239 Views Asked by At

I've often seen as an explanation for shanon entropy that it represents "the average number of yes/no questions needed to find out which state a given system is in."

This works very well for a system having an even number of possible states, but if I try to do this with let's say, 3 possible states all equiprobable I don't find this to be true. Indeed, using the entropy, $ H = \sum_{n = 1}^{3}\frac{1}{3}\log_2(\frac{1}{3}) = 1.58$ I find an average number of 1.58 yes/no questions. If I encode the $1^{st}$ state as 0, the $2^{nd}$ state as 1 and the $3^{rd}$ as 00, the average number of bits (questions) that I need to characterize the system is $\frac{4}{3}=1.33$.

Did I make a mistake somewhere or does it mean that this explanation with the yes/no questions is just a way to simplify things ?

2

There are 2 best solutions below

0
On BEST ANSWER

First, your proposed encoding $A\to 0$, $B \to 1$, $C\to 00$ attains a coding length below the entropy, which should be impossible.

The problem is that your encoding is practically useless, because it's not "uniquely decodable": if you receive $00$ you cannot know if the input was $AA$ or $C$.

Then you need to do something like $A\to 0$, $B \to 10$, $C\to 11$ , which has an average coding length of $5/3=1.666$ , above the entropy ($H=1.585$). This is to be expected.

And if you code each value isolated, then, yes, you cannot perform better than that . But you can code several values together (code "the extension of the source"), and approach the entropy.

Consider for example a group of $n=5$ values. There are $3^5=243$ equally probable joint values. Because $243 < 256 = 2^8$, you can code this with group with $8$ yes-no questions.

Hence, with this simple scheme, you'd need to ask $8$ questions to discover $5$ values, which gives a coding length $8/5=1.6$, near the entropy.
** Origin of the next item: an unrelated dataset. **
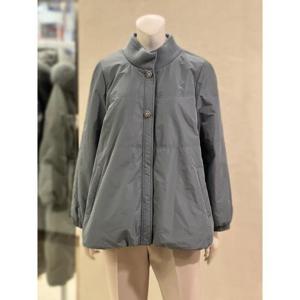 벨리시앙 세이브존01 니트 배색 하이넥 숏 패딩 점퍼 (2color) JP3101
The above is not optimal (see Huffman coding) but you get the idea.

2
On

The expected code length of a Shannon-Fano code is

$ \mathbb {E} L=\sum _{i=1}^{n}p_{i}l_{i}\leq \sum _{i=1}^{n}p_{i}(-\log _{2}p_{i}+1)=-\sum _{i=1}^{n}p_{i}\log _{2}p_{i}+\sum _{i=1}^{n}p_{i}=H(X)+1.$

Note that the bound has a "+1" -- this is in agreement with your computations

http://en.wikipedia.org/wiki/Shannon%E2%80%93Fano_coding

Note that Shannon-Fano codes are not optimal, but Huffman codes are. For Huffman codes, see

https://en.wikipedia.org/wiki/Huffman_coding